Em décadas passadas o professor doutor Mário Rigatto, conceituado cientista gaúcho (sempre os gaúchos), entendia que a atividade física vestiu com igual brilhantismo roupagens de vilão e herói. Atualmente, sabe-se que a roupagem de vilão só se justifica se ela for mal entendida ou executada. A roupagem de herói pode parecer presunçosa. Quem sabe, a verdade esteja no meio. In médium, virtus. Nada contra a prática de atividade física direcionada para a saúde. Mas tudo contra o fato de as pessoas se iniciarem num programa de condicionamento físico sem antes ter bem claro seus objetivos e a metodologia a ser seguida. Implica dizer que a pessoa não deve ter apenas informações, sugestões, ou mesmo basear-se nos achismos do senso comum. Ela tem que ter conhecimento. Há que se aprender sobre o assunto, até para fugir de ativismo inconsequente. Ou será que para se conseguir carteira de habilitação, por exemplo, não temos que superar diferentes fases do processo? A propósito, no caso da atividade física, o processo é mais importante que o produto, posto que, sem aquele, este poderá ser lesivo à saúde. As prescrições de "comece devagar, caminhe um pouco" devem ser entendidas com algumas ressalvas. O que é "devagar"? Quanto é esse "caminhe um pouco"?
Tudo deve ser adrede mensurado, realizado e anotado. Como se faz usualmente com um extrato bancário da nossa conta corrente. Há que se ter controle. Saber por que e como estamos realizando a atividade física. Como dito alhures, não há solução simplista. Não se deve prescindir desse conhecimento; caso contrário os objetivos não serão alcançados e os riscos potencializados. A maior demanda por atividade física tem ? na maioria dos casos - como base o emagrecimento. E também na maioria dos casos, a obesidade é um distúrbio nutricional, ou seja, desbalanço energético caracterizado por ingesta maior que demanda.
De modo geral, os alimentos não metabolizados são transformados em ácidos graxos livres (AGL) e depositados subcutaneamente. Cumpre dizer, pois, que a primeira providência no processo de controle da obesidade deve ser a reeducação alimentar, orientada por profissional da área específica. A segunda e não menos importante é o diagnóstico médico, tanto do ponto de vista cardiorrespiratório, quanto do ortopédico. Se a atividade física for indicada aí, sim, deve-se procurar o profissional de Educação Física, que tenha, preferencialmente, afinidade com condicionamento físico para grupos especiais, posto que o obeso e/ou sedentário se enquadram nessa classificação.
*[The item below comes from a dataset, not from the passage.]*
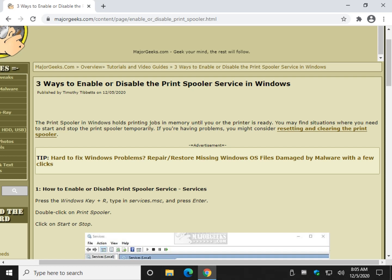Hey there geeks, Tim with MajorGeeks.com. Today we're going to show you three different ways to enable or disable the print spooler service in Windows.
Basicamente existem dois tipos de treinamento: o neuromuscular e o cardiorrespiratório. E ambos devem ser contemplados na elaboração de um programa de condicionamento físico vinculado à saúde.
Isto posto, deve ser muito bem explicitado a que leva um e outro. Ambos, desde que convenientemente prescritos e melhor executados resultam em efeitos fisiológicos crônicos que vão muito além de possível perda de peso corporal. Por si só, a atividade física do tipo aeróbio não oferece grande perspectiva de queima de gordura. Associada ao treinamento neuromuscular os resultados podem ser otimizados. Ambos concorrem para a preservação da massa magra, até porque, a eventual diminuição do peso corporal ocorre mais em virtude da perda de músculo do que de gordura, em programas de emagrecimento sem a inclusão da atividade física. Malhar é bom. Aprender sobre, melhor.